Click Here!
      "Gerçekten" haber verir 17 Eylül 2007

Eski tarihli sayılar

Görüş, teklif ve
eleştirilerinizi
[email protected]
adresine bekliyoruz.
 

Ali FERŞADOĞLU

Kişiliğini bulma



Kişiliğimizin oluşmasını ele aldık; şimdi kişiliğimizi, şahsiyetimizi bulma üzerinde duralım. Aslında şahsiyetimizi bulurken ve karakterimizi oluştururken karışık ve komplike yollar izleriz. Bu çetrefilli yollara sapmadan, şöyle bir örnekten yola çıkabiliriz:

Gözlerimizi bağlayıp, yabancısı olduğumuz ıssız bir adaya bıraksalar; ne yaparız? Önce kendimizi kontrol edip çevremizi; ardından karnımızı nasıl, ne ile doyuracağımızı; peşinden emniyet içinde barınacağımız bir mekân araştırırız. Sonra nasıl mutlu ve huzûrlu bir hayat süreceğimizi düşünürüz. Ve neticede de, “Bizi buraya kim, ne için gönderdi, bundan sonra nereye sevk edecek?” suâllerinin cevaplarını bulmalıyız.

İnsan kendisini, evvelâ kendisine; sonra âilesine, çevresine; ardından “mevcudata” ve Yaratanına göre tarif eder; yerini belirler. Buna göre de mânevî cephesini inşâ, duygularını ihyaya çalışır. İşte, tabiî seyri içindeki bu sürece psikologlar, psikanalistler veya psikiyatristler, “kişilik, yâni şahsiyetini bulma” derler.

İslâmiyet; öncelikle olumlu ve olumsuz duygularını belirler. Sonra olumlularını, ulvilerini geliştirme, olumsuzlarını yönlendirme melekesi geliştirir. Hepimizde, “akıl, şehvet ve gadap/savunma mekanizması” olmak üzere üç temel yetenek, onlarca olumlu-olumsuz duygu, yüzlerce his ve binlerce lâtife ile donatıldık. Dostluk-düşmanlık, sevgi-nefret, diğergam-bencil, tasdik-inkâr, hilm-gadap/öfke, gayret-tembellik, fazilet-egoizm gibi olumlu ve olumsuz duyguların harmanlanmasıyla yaratıldığımızdan terbiye ve tekâmül için yalnızca olumlu duyguların geliştirilmesi kifayet etmez. Her şey çift kutuplu yaratıldığından hakikat ve tekâmül zıtlar sayesinde ortaya çıkar. İnsanlık vasfının tezahür edebilmesi için olumsuz duyguların yönlendirilmesi ve yerli yerinde kullanılması gerekmektedir.

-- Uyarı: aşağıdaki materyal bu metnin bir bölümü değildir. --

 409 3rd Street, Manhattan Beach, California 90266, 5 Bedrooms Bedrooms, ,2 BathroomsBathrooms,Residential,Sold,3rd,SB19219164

Kimi ahlâkçı, psikolog, pedagoglar olumsuz duyguların insan fıtratından yok edilmesi gerektiğini savunur. Ahlâkı zayıf insanlara, “Haset etme!”, “Hırs gösterme!”, “İnat etme!” ve “Dünyayı sevme!” diyerek terbiye edemeyiz. Bu, “fıtratını/yaratılış yapını değiştir” gibi yerine getirilmesi imkânsız bir tekliftir. Adeta, akan suya “Tersine ak!”; lâmbaya “Işık verme!”; fırına, “Yemek pişirme!” demek gibi bir şeydir.

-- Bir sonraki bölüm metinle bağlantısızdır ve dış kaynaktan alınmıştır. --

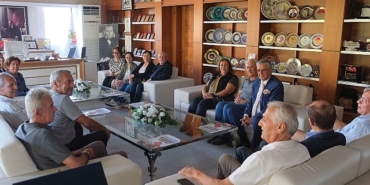 baskan-topalogluna-okul-arkadaslarindan-ziyaret.jpg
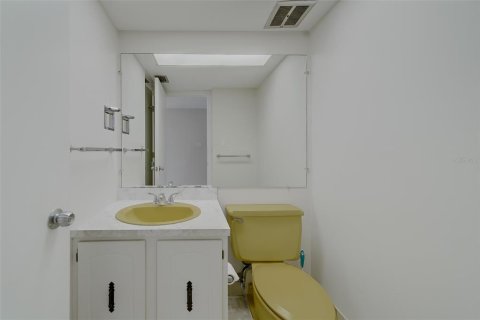 Copropriété à vendre à Redington Shores, Floride: 1 chambre, 92.44 m2 № 2128211 - photo 13
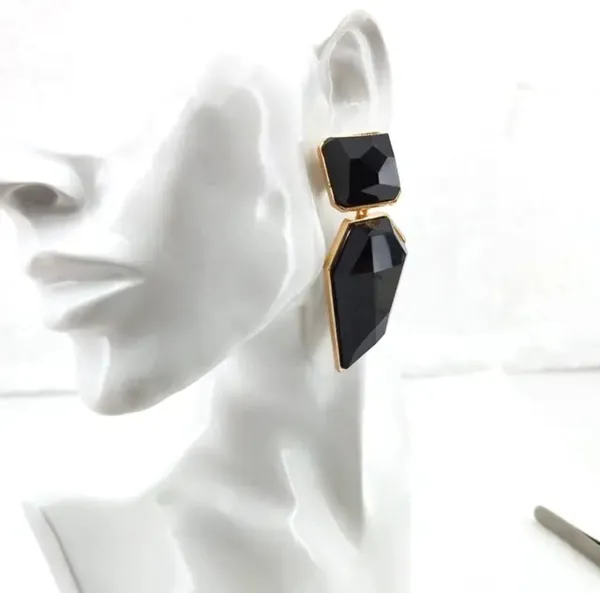 Geometric_Big_Dangle_Black_earrings_Irregular_square_shape_stylish_Earrings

Bu, yaratılış ve imtihan sırrına aykırı. Asıl olan olumsuz duygu ve hisleri yok etmek değil, onları mecralarına yönlendirmektir. “Olumsuz duygularını at, yaratılışını değiştir, insanlıktan çık!” gibi realiteye zıt bir yaklaşım sergilemeliyiz. Bilâkis, olumsuz duyguları kanalize etmenin yollarını göstermeliyiz.

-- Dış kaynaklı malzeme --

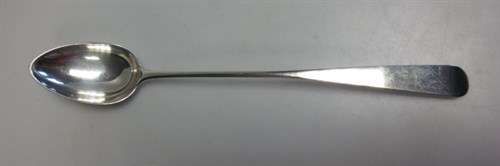 Lot 393 - A George III Scottish gravy spoon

Bunların yüzlerini hayırlı şeylere çeviriniz, mecralarını değiştiriniz!1 Meselâ şeytan kitap okuma, ibadet ve zikre mani olur. İşte burada, inadımızı veriliş gayesi istikametine çevirerek kullanabiliriz: Ey nefsim ve ey lânetlenmiş, kovulmuş şeytan! Sen mi, “Okuma!”, “İbadet etme!”, “Zikretme!” “Tefekkür etme!” diyorsun? “Öyle ise, inadına okuyup, inadına ibadete ve zikre devam edeceğim!” Sen mi, “Hak ve hürriyetler için çalışma, boş ver, âlemi sen mi düzelteceksin!” diyorsun. “İnadına çalışacağım!” Yani, burada inadı, sebat şekline dönüştürüp pekâlâ gelişmemizin itici gücü yapabiliriz.

Askerde verilen silâhı ve mermileri arkadaşlarımıza değil, düşmana doğrultup atmak içindir. İşte negatif duyguları, düşmana, zalimlere karşı kullanmalı. O zaman gerçek insanlığımız ortaya çıkar; negatif/eksi kutuplu olan duygularımızı “artı”ya çevirebiliriz. Yapacağımız şey, bu duyguların hafiflerini dünya işlerine, şiddetlilerini öbür âleme ve maneviyata sarf etmektir.2 Çünkü bunlar, övgüye değer bir ahlâka ve gerçeklere, realitelere uygun iki dünya mutluluğuna kaynaklık etsinler diye ruhumuza takılmışlardır.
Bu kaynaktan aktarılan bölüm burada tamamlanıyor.